*YOUR OBJECTIVE*
Print exactly the lines from the one that contains "Globe Rare 1940" through the last line of the material, both included, and leave out all pictures.

*INFORMATION PROVIDED*
• • • • •
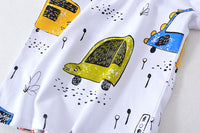 Load image into Gallery viewer, Kid Boys Car Cartoon Print T-Shirts Wholesale 22041267

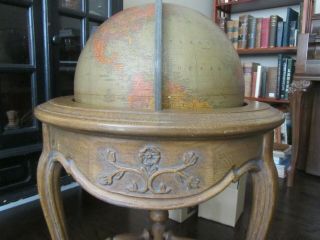 Replogle 16 " Library World Globe Rare 1940 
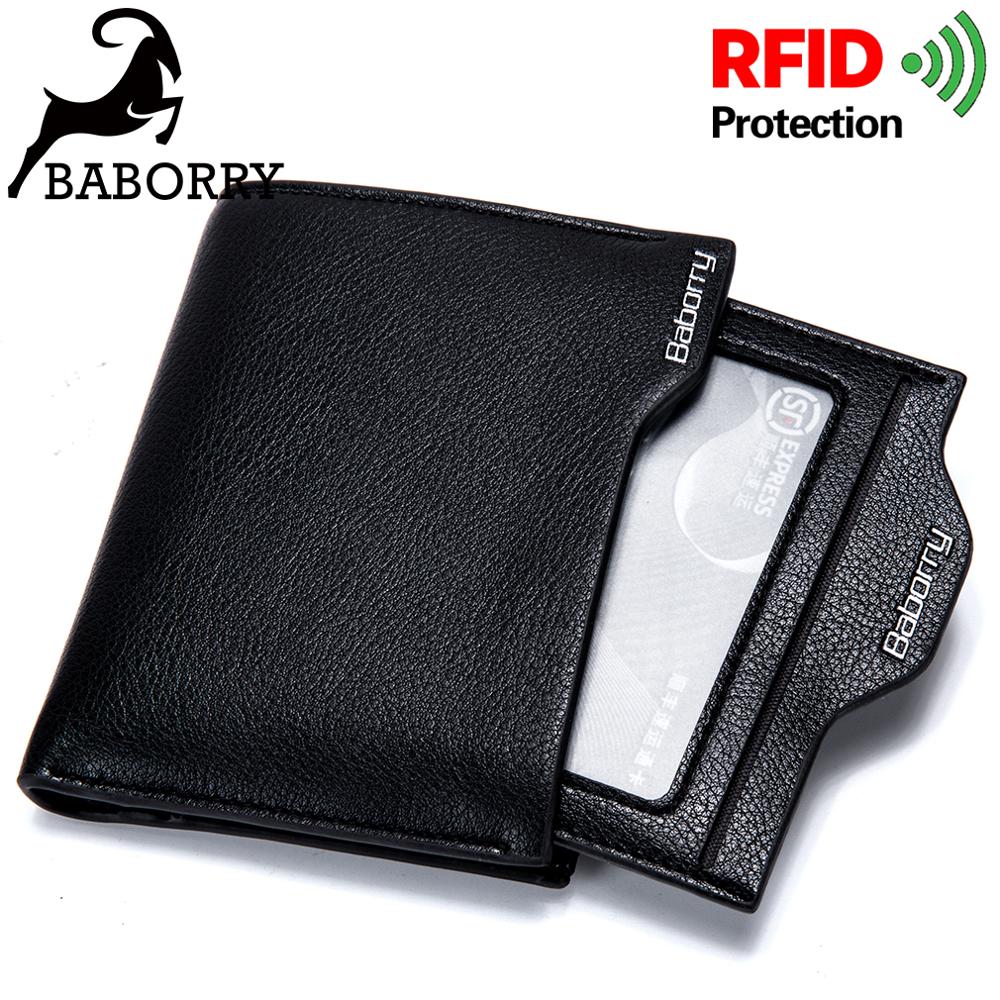 Baborry Men Business Cash ID C – Slim Card Slot Case recenzja i cena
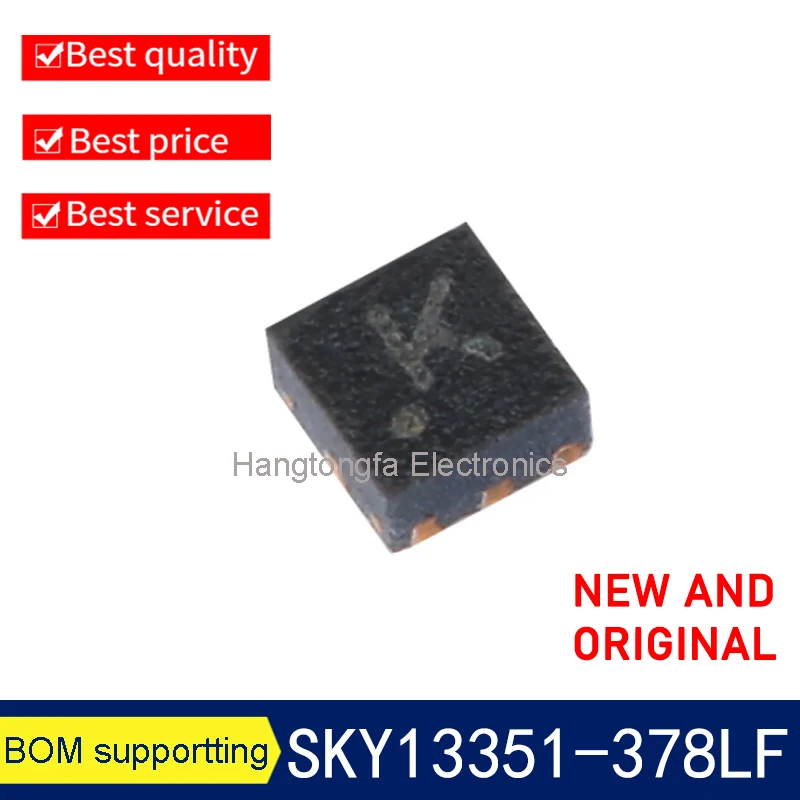 10pcs New SKY13351 SKY13351-378LF DFN-6 RF Switch Chip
• • • • •
*EXERCISE RESULT*
 Replogle 16 " Library World Globe Rare 1940 
 Baborry Men Business Cash ID C – Slim Card Slot Case recenzja i cena
 10pcs New SKY13351 SKY13351-378LF DFN-6 RF Switch Chip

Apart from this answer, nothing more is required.